In 2004, they made the decision to get off of the mainframe. We had bought
Joy Mining in Pennsylvania in the early 90's, a maker of underground mining
equipment. P&H made above ground mining shovels, so that was a good fit
business wise. Joy decided to get off the mainframe rather than convert all
of their really old home grown software for the Y2K conversion. By early
1999, Joy finished their conversion, and ran everything on their own machine
in PA again on an Aix platform. Meanwhile, P&H converted all of their
software with their own staff and lots of consultants.

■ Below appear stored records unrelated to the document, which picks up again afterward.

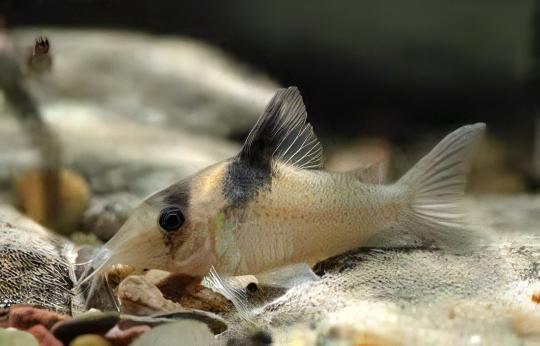 Yellow Head Corydoras Crypticus 4cm Catfish - Real Aquatics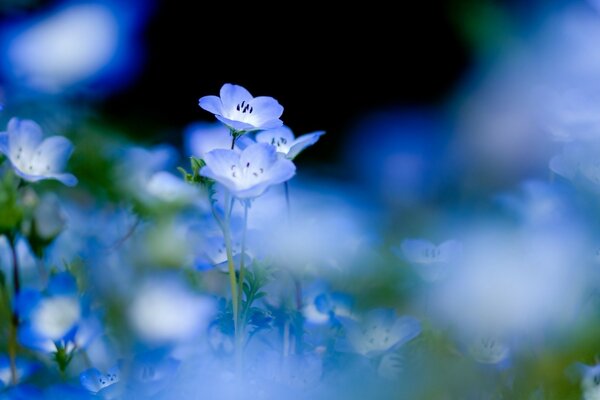 Claro de flores de pradera azul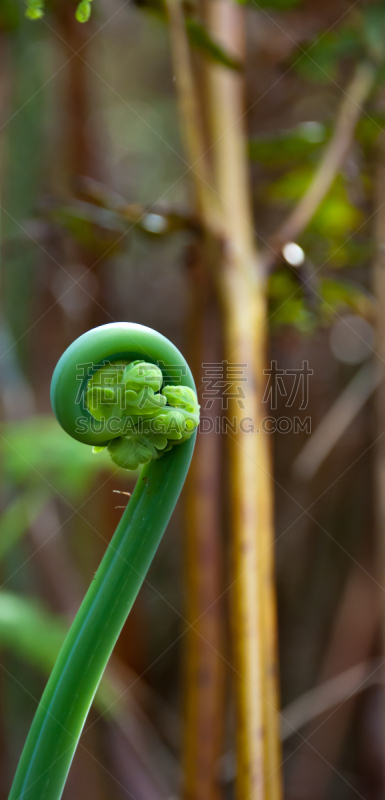 蕨藻体,自然,垂直画幅,无人,全景,新西兰,春天,植物,环境保护,新生活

A big part of the conversion was that we were running SAP software. Joy
converted everything they ran to different SAP software modules. A few
years after the conversion, P&H decided to get off of their MVS mainframe
and run on Joy's system in PA. They planned on an 18 month conversion
effort. That actually got extended by 3 months, so the whole conversion
effort took 21 months. I believe the whole conversion to AIX was made
possible when SAP decided to allow P&H to run on Joy's computer system
without buying another SAP license. Originally, SAP was going to make P&H
buy a new license for their software. Then, they decided that if Joy & P&H
ran on the same computer system, they wouldn't have to buy a new license,
saving at least a million dollars or more.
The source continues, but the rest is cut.